Después lanzó otra ojeada al móvil. Eran las 20.28, de modo que el tiempo no había pasado ni muy deprisa ni muy despacio. No se había perdido nada. El parpadeo luminoso de la pantalla celeste la tranquilizó; luego volvió a guardárselo en el bolsillo y empujó la puerta del dormitorio.

Karin estaba acurrucada en la cama con las piernas dobladas y la cabeza apoyada en las rodillas, como si se tratara de una compleja postura de yoga; pero Nina la vio en el mismo instante en que la imagen se reveló en su retina.

La muerte.

Había algo muy especial en los muertos, pequeños detalles que de uno en uno podían parecer insignificantes, pero que juntos componían un cuadro que hacía que jamás dudara al verlo. La muñeca levemente doblada hacia fuera. La pierna ligeramente desviada de su posición normal. El peso excesivo de la cabeza sobre el colchón.

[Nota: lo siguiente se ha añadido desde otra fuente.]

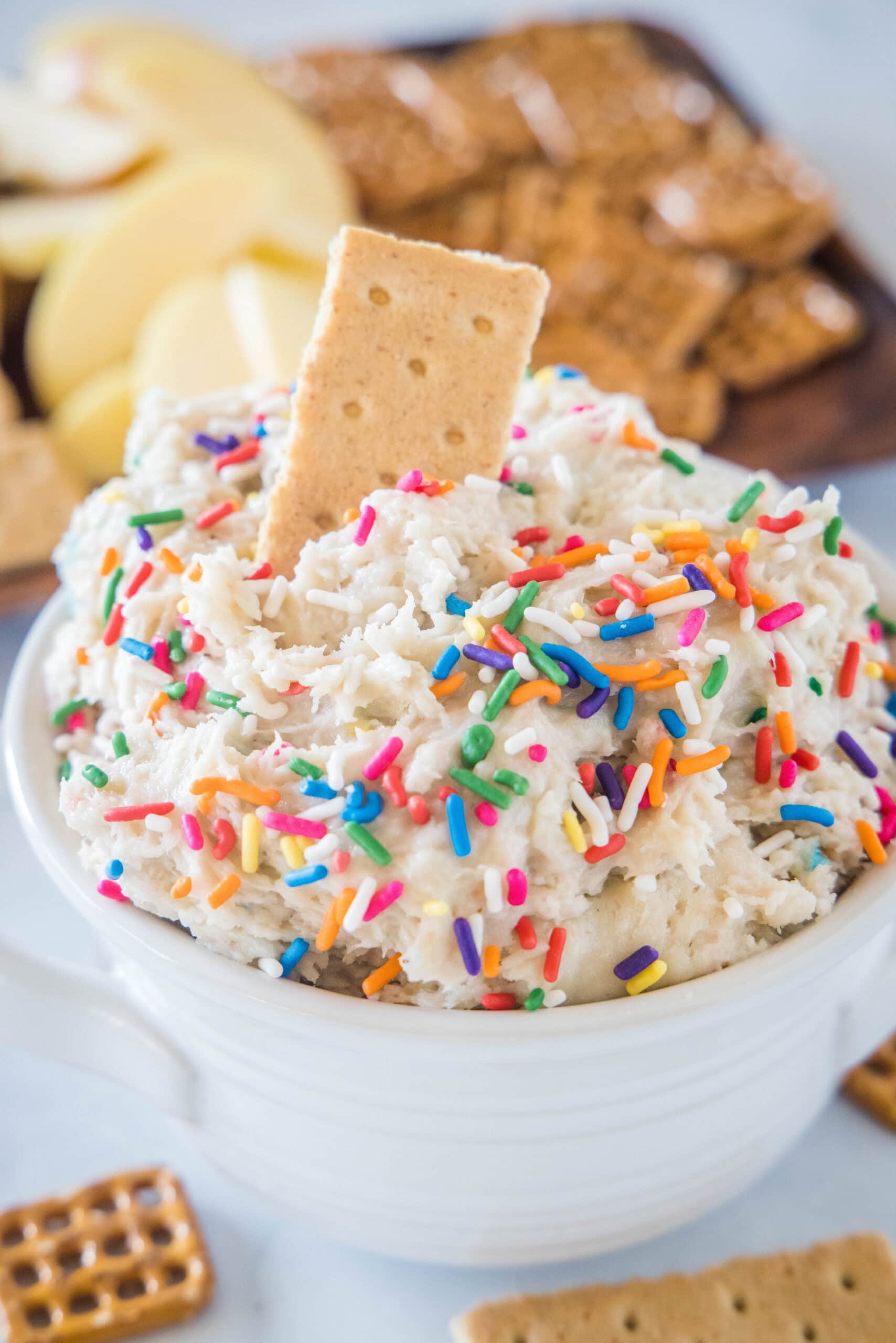 Fluffy cake batter dip is an easy no-bake dessert made from cake mix and brimming with sprinkles. It tastes just like funfetti cake batter! Cake batter dip in a white bowl with a cookie stuck into the top, and a platter of cookies in the background.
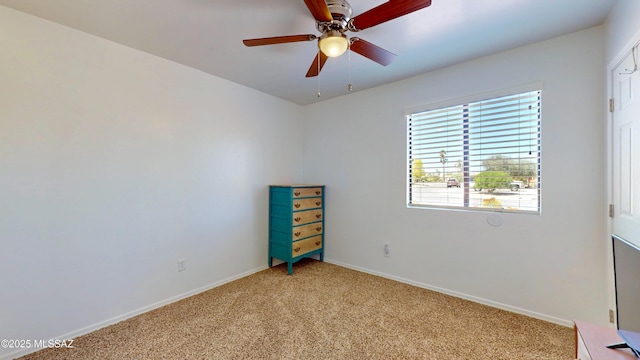 502 N Citadel Ave, Tucson, AZ 85748 - unfurnished room featuring light carpet, a ceiling fan, and baseboards
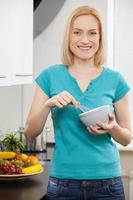 Cheerful housewife. Mature blond hair woman mixing something in a mixing bowl and smiling at camera photo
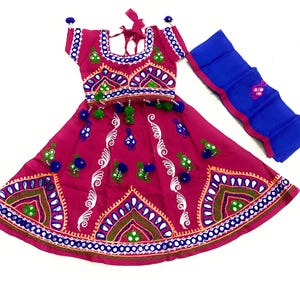 May include: A magenta-colored traditional Indian outfit, featuring a short-sleeved top and a flared skirt, both adorned with intricate embroidery in white, blue, green, and gold. A matching blue scarf with pink trim is included. The outfit is decorated with small pom-poms.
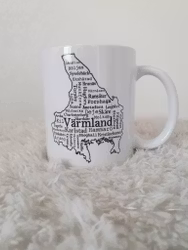 Värmlandsmugg med orter i en kartkontur
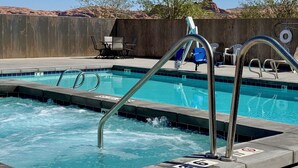 Ein Swimmingpool mit Treppen und Liegestühlen, umgeben von einem Holzzaun und einer Wüstenlandschaft.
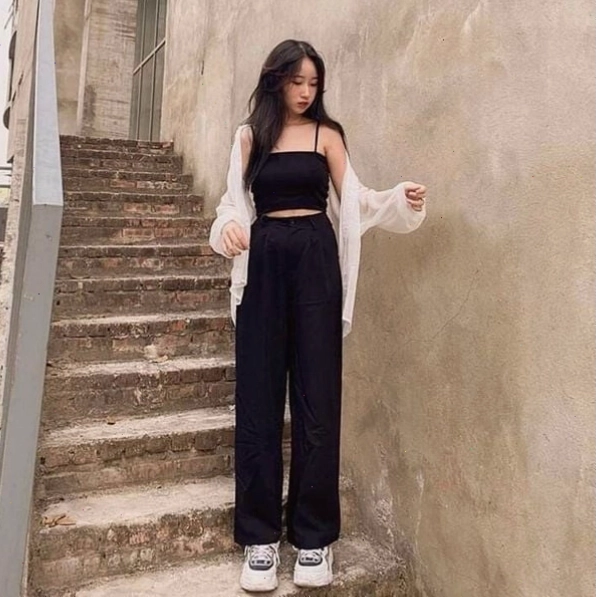 Cô gái mặc áo croptop trắng, quần đũi ống rộng và túi kẹp nách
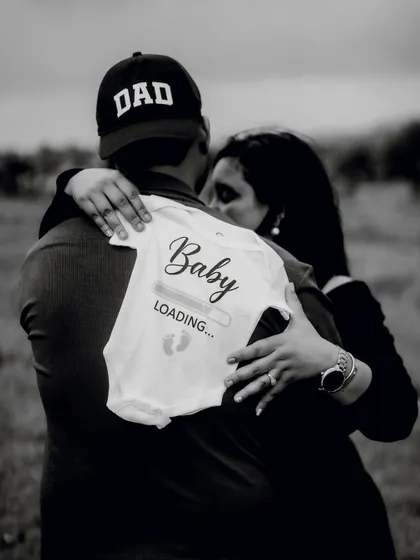 A touching black and white photo of the couple embracing, with a "Baby Loading" onesie on the dad's back. It’s a cute, modern, and heartfelt announcement.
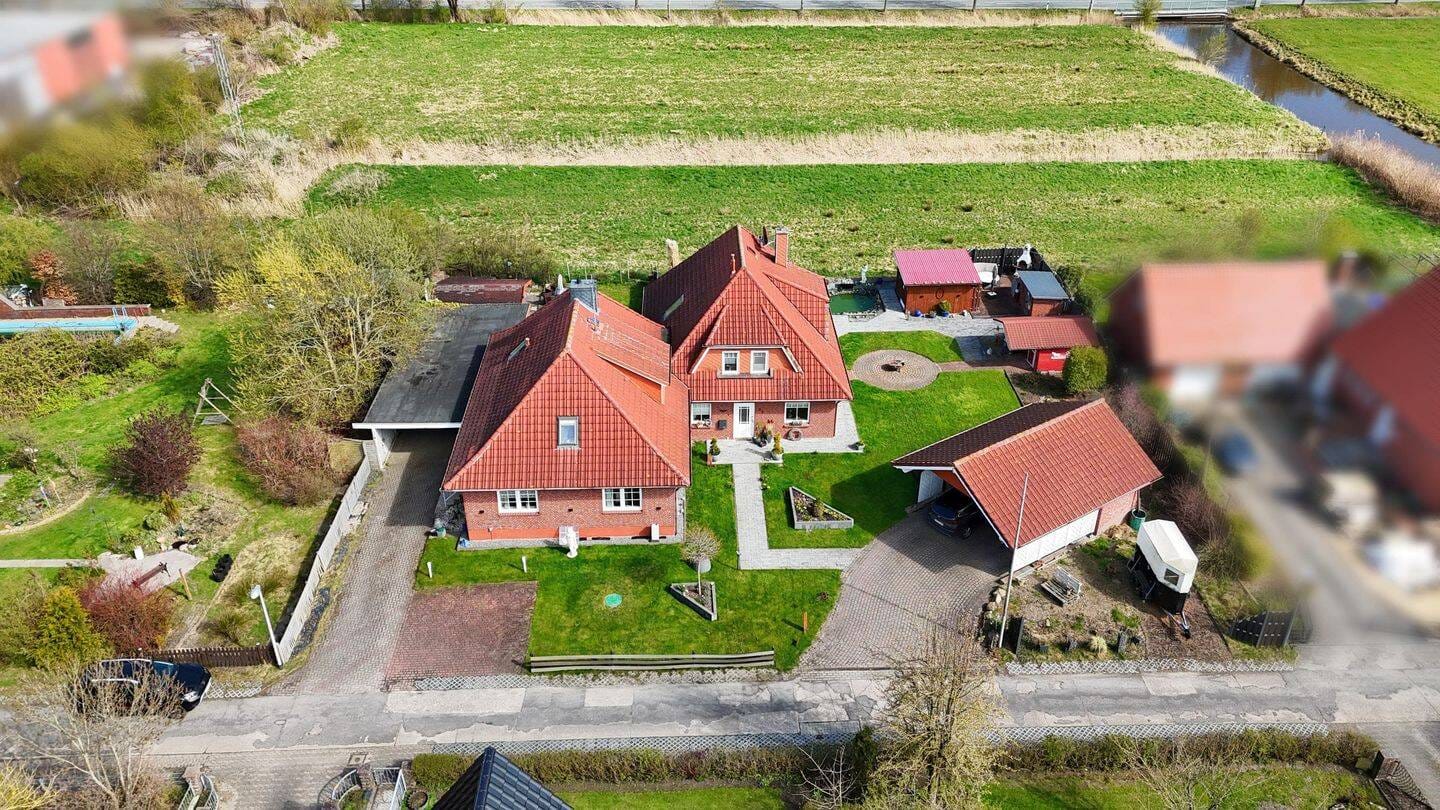Immobilie in Loxstedt - Flexibel nutzbares Ein- bis Zweifamilienhaus in idyllischer Lage - Bild 1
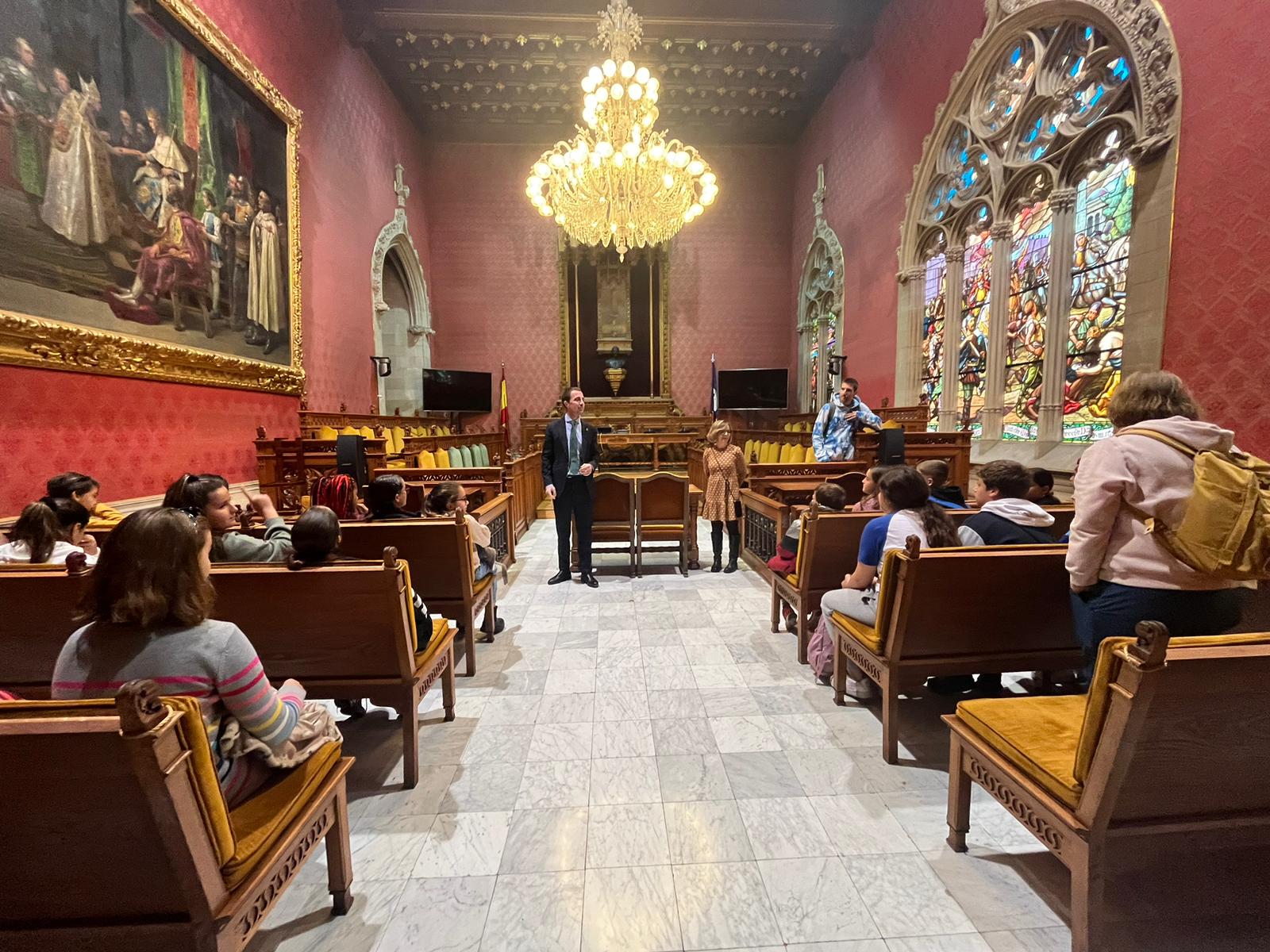 Visita d'un grup d'escolars, a la sala de plens, amb el president Galmés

Notó el primer impulso de su instinto de huida, siempre alerta, pero se obligó a avanzar un paso más hacia la cama, sintiéndose desbordada de inmediato por un sinfín de nuevos detalles. Los rubios cabellos de Karin rodeaban la cabeza del cadáver como una aureola de trigo ondulante entremezclado de tonos castaños y rojos. La sabana de debajo estaba empapada de sangre y, aunque volvió a su amiga de espaldas con mucho cuidado, la boca se le abrió dando paso a un pequeño torrente de sangre y vómito fresco que le cayó por la barbilla y los suaves pliegues del cuello. Observó que le faltaban dos dientes de arriba y que tenía marcas moradas por la garganta. La sangre brotaba de algún punto situado por encima de la sien que empezó a buscar tanteando con las yemas de los dedos hasta que sintió ceder el blando cráneo de Karin. La muerte no había sido instantánea, pensó, tuvo el tiempo suficiente para acurrucarse como un animal herido que se aparta de la manada para morir.

Y había muchísima sangre.

Intentó serenarse pensando que no tenía nada contra la sangre. Se le daba bastante bien, de hecho en la escuela de enfermería había sido una de las mejores a la hora de enfrentarse a los fluidos corporales. (Se le daba de maravilla desde aquel día de hacía veintitrés años. O al menos desde poco después. Había decidido que se le iba a dar bien). Retrocedió un paso con el tiempo justo para apartarse un poco de la cama antes de empezar a vomitar a cortas y dolorosas sacudidas. Llevaba sin comer nada desde por la mañana, de modo que al suelo de madera recién fregado sólo fue a parar un poco de bilis amarillenta.

Entonces oyó el grito. Agudo y desgarrador, como el de una liebre arrebatada por el zorro.